ALI earnings rise 21% as property sales recover
By Arra B. Francia, Reporter
AYALA LAND, Inc. (ALI) reported its attributable profit rose 21% in 2017, driven by the resurgence of property sales and sustained leasing business.
The listed property developer said in a statement on Wednesday that net income attributable to the parent stood at P25.3 billion in 2017, following a 14% uptick in revenues to P142.3 billion.
ALI attributed the higher revenues to the recovery in property sales for the year, inching up 13% to P122 billion, against a modest growth of 3% in 2016.

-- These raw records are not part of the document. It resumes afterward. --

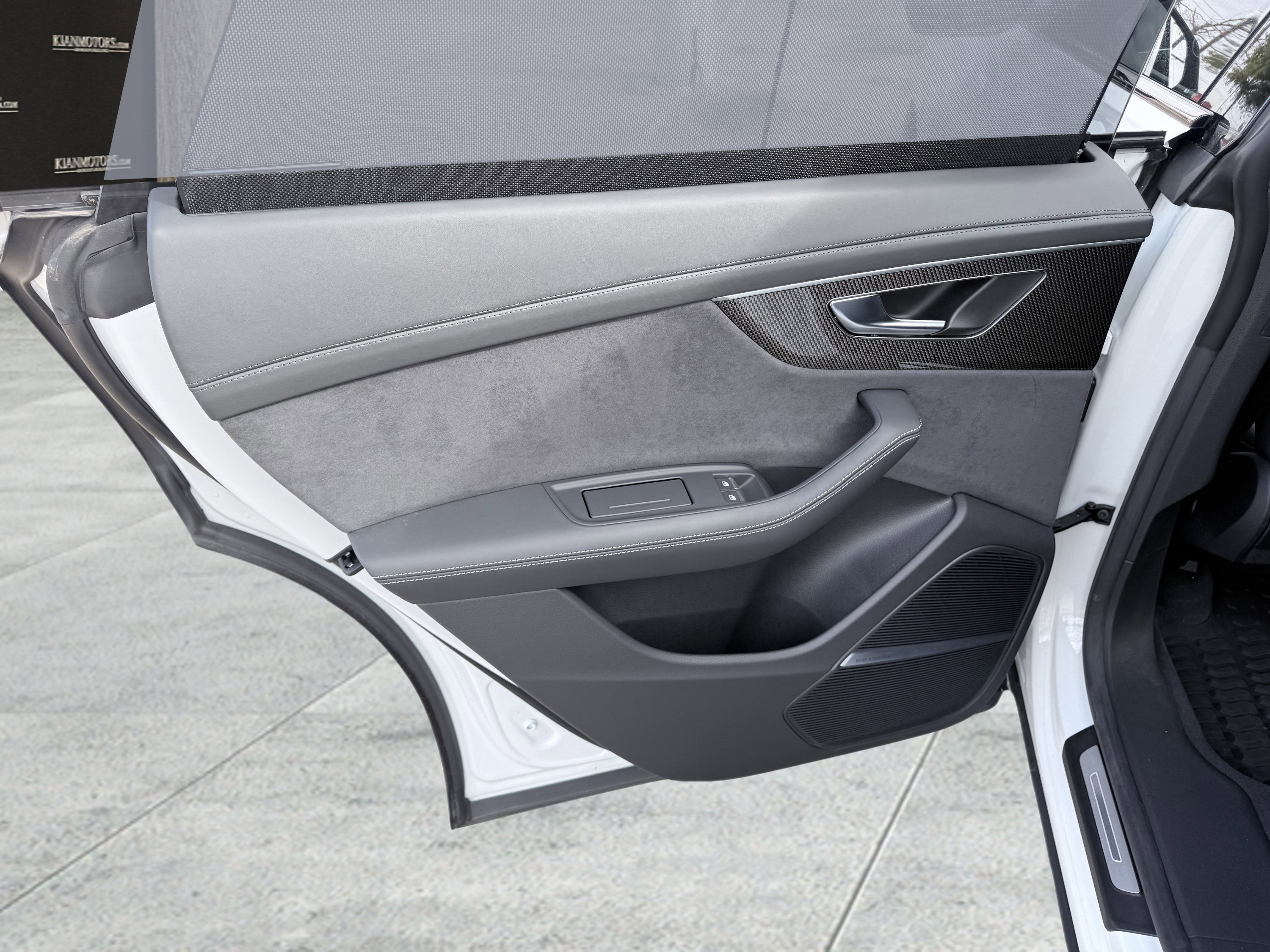 Used 2023 Audi SQ8 Prestige image 60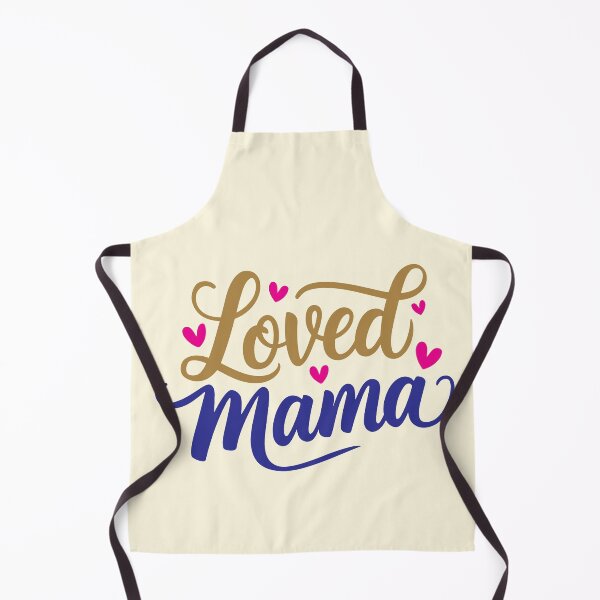 Item preview, Loved Mama designed and sold by CharlottePlaceArt.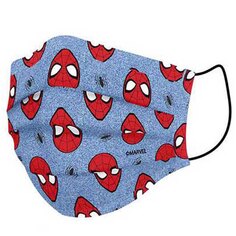 Защитная маска Cerda Group Spiderman, синий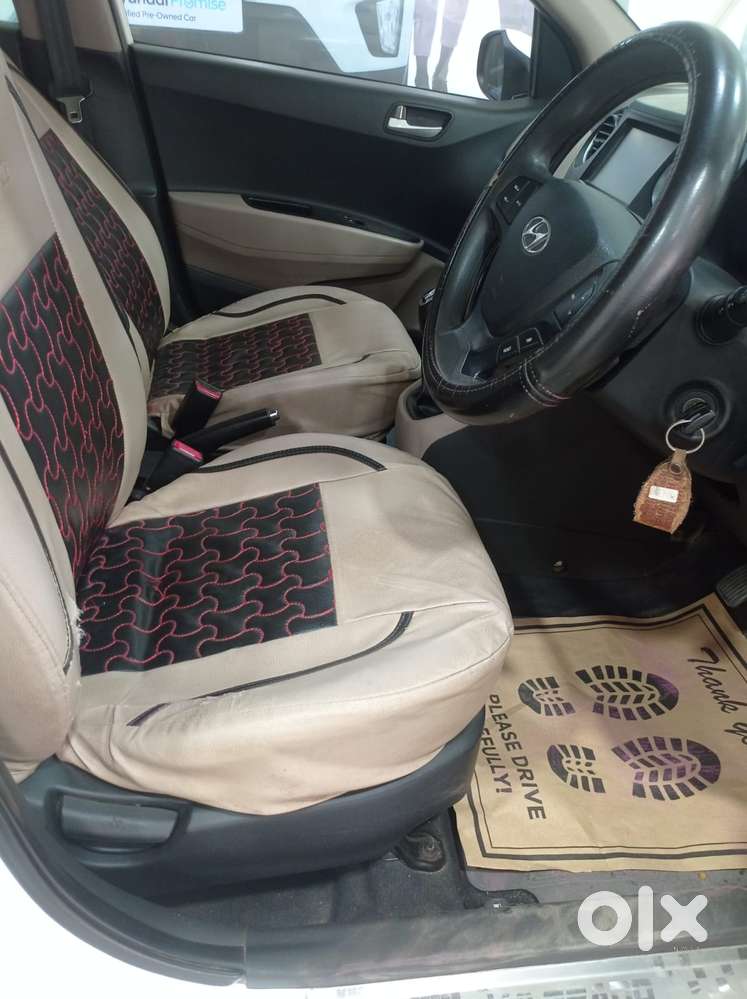 Hyundai Grand I10 Sportz O 1.2, 2018, Petrol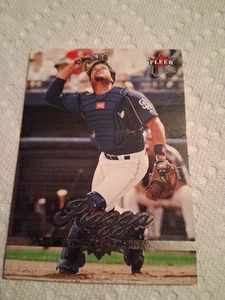 2006 Fleer Ultra - Mike Piazza #95 Gold Medallion - Picture 1 of 2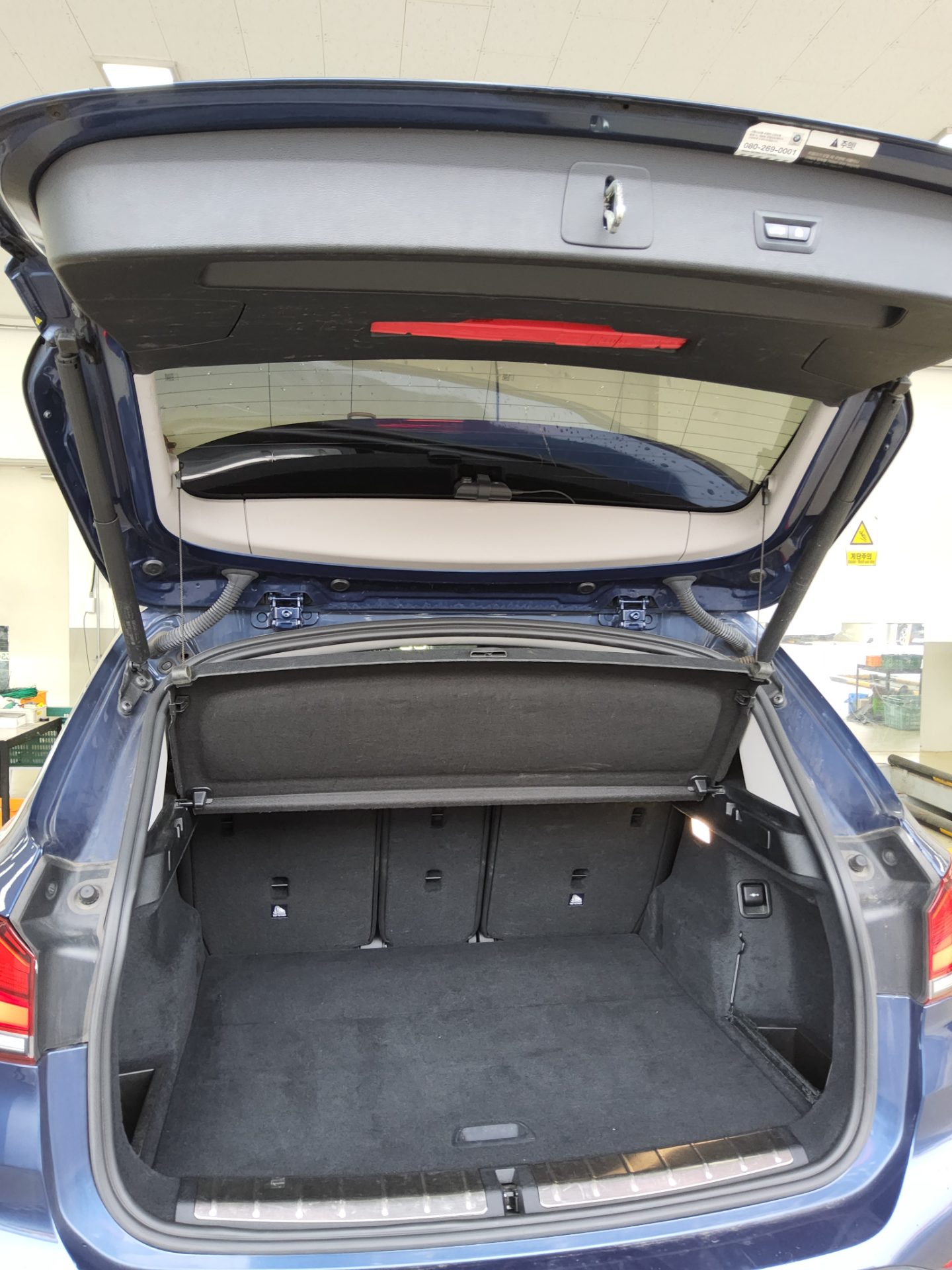 BMW X1 (2ND GEN) 20i xDRIVE X LINE SPECIAL EDITION 2021 - zdjęcie 15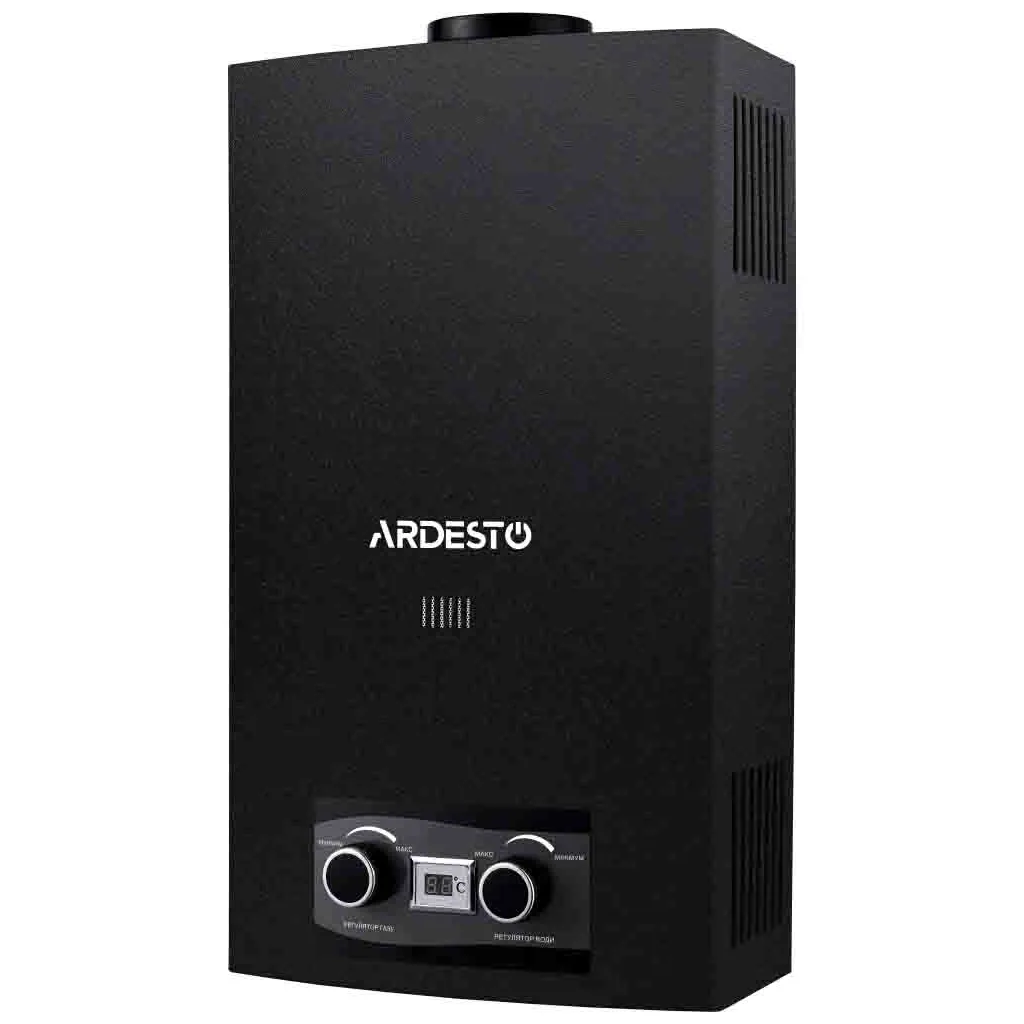  Ardesto TFGBH-10B-X2-BLACK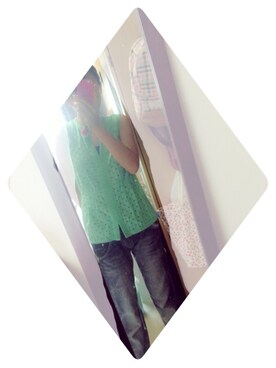 ｍ ＊さんのコーディネート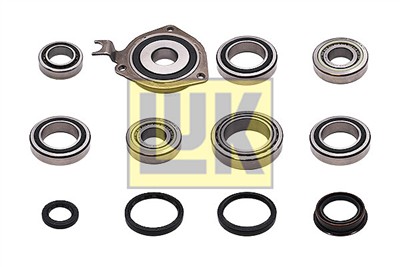 LuK 462 0405 10 EAN: 4014870730918.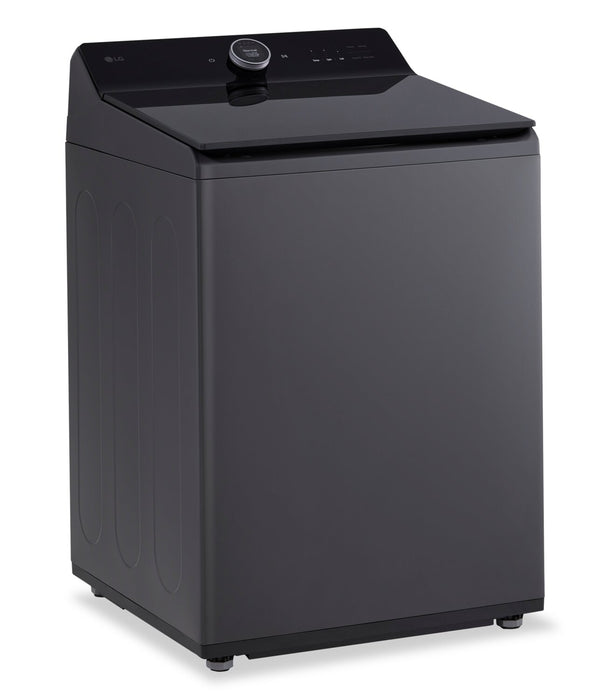 LG 6.3 Cu. Ft. Mega-Capacity Top-Load Washer with ezDispense™ and AI Sensing - WT8600CB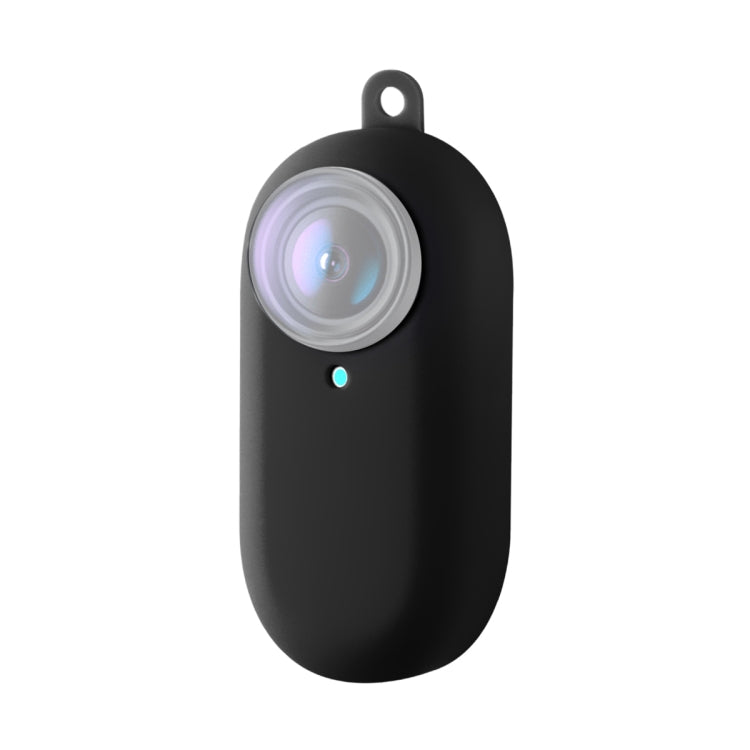 Funda protectora de silicona para Insta360 GO 2 Body, For Insta360 GO 2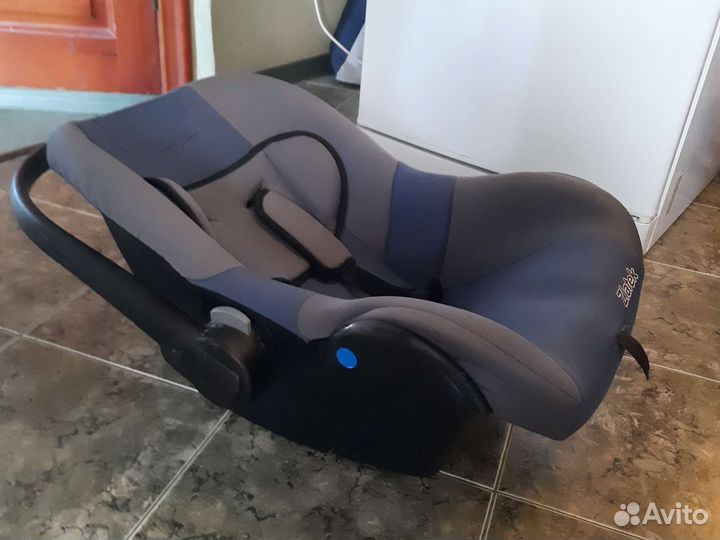 Детская автолюлька (автокресло) от 0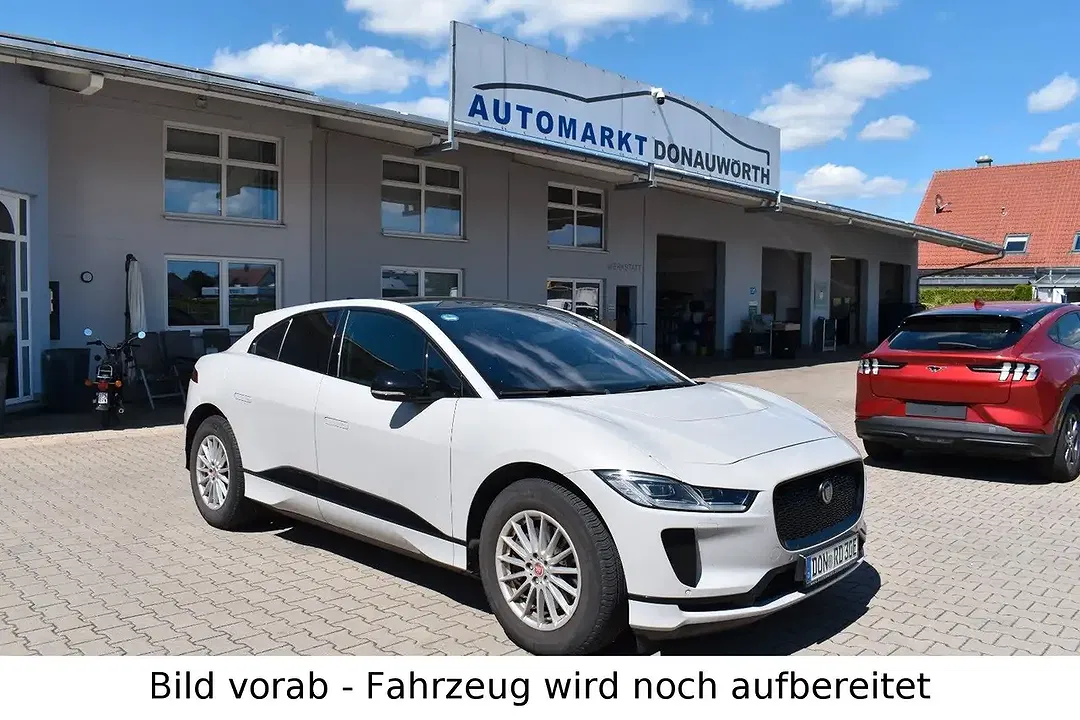 Jaguar I-Pace EV400 S - foto 1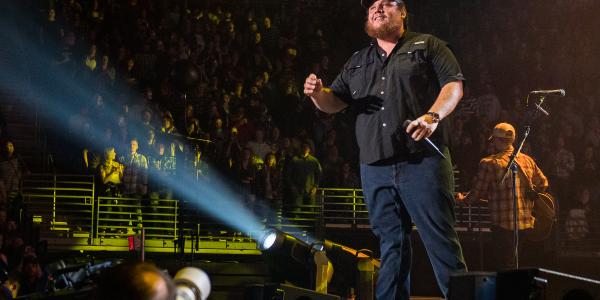 Luke Combs 2/13/20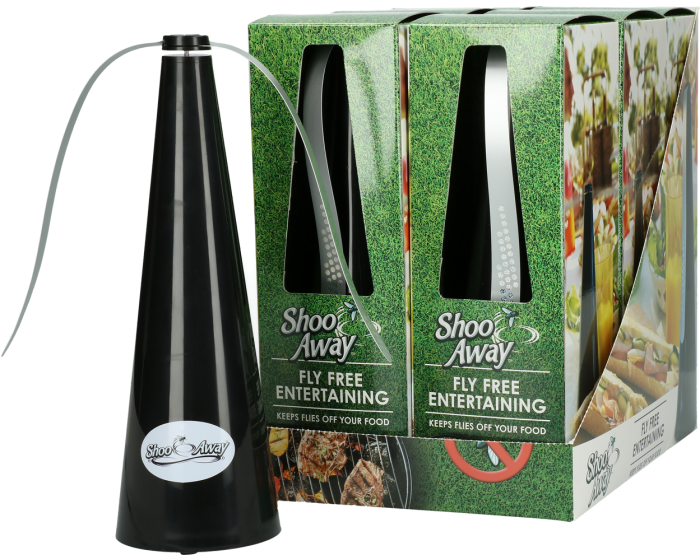 ShooAway (mantiene a las moscas alejadas de su comida) main product photo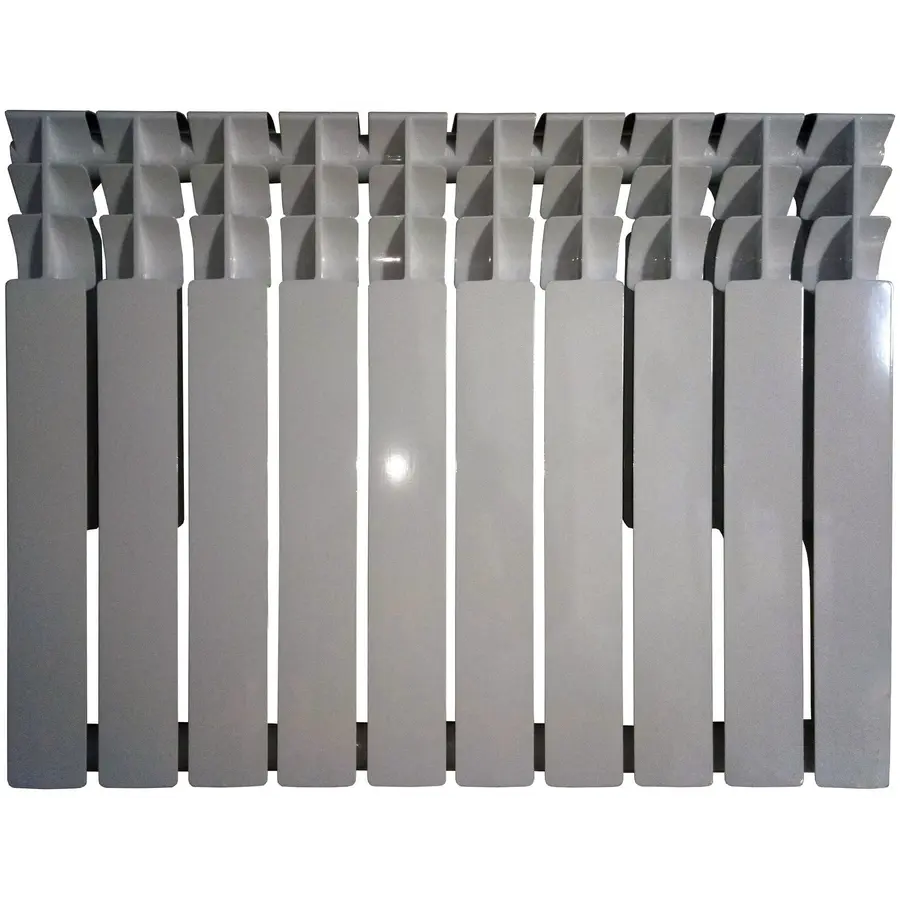 Радіатор біметалевий секційний ENERGO BITIGHT 500/80 (кратно 10)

“We are pleased with our 2017 business results. All major product lines posted strong growth, with property sales coming in at the higher end of our estimates and leasing income increasing in line with our planned asset build up,” ALI President and Chief Executive Officer Bernard Vincent O. Dy said in a statement.
ALI Chief Finance Officer and Treasurer Augusto Cesar D. Bengzon said in a presentation that international sales, or sales to overseas Filipinos and non-Filipinos, accounted for more than a third of total sales, or P41.6 billion. This is 32% higher than the market’s contribution in 2016.
Of this percentage, 49.4% were Chinese, followed by Americans at 15.2%. Other nationalities such as Singaporeans, Taiwanese, Hong Kong, Japanese, and South Koreans accounted for the remaining portion.
“We see what happened with the warming of relations with China. There are a lot more Chinese tourists, we’re also seeing it now in the property sector,” Mr. Dy said in a press briefing in Makati City on Wednesday.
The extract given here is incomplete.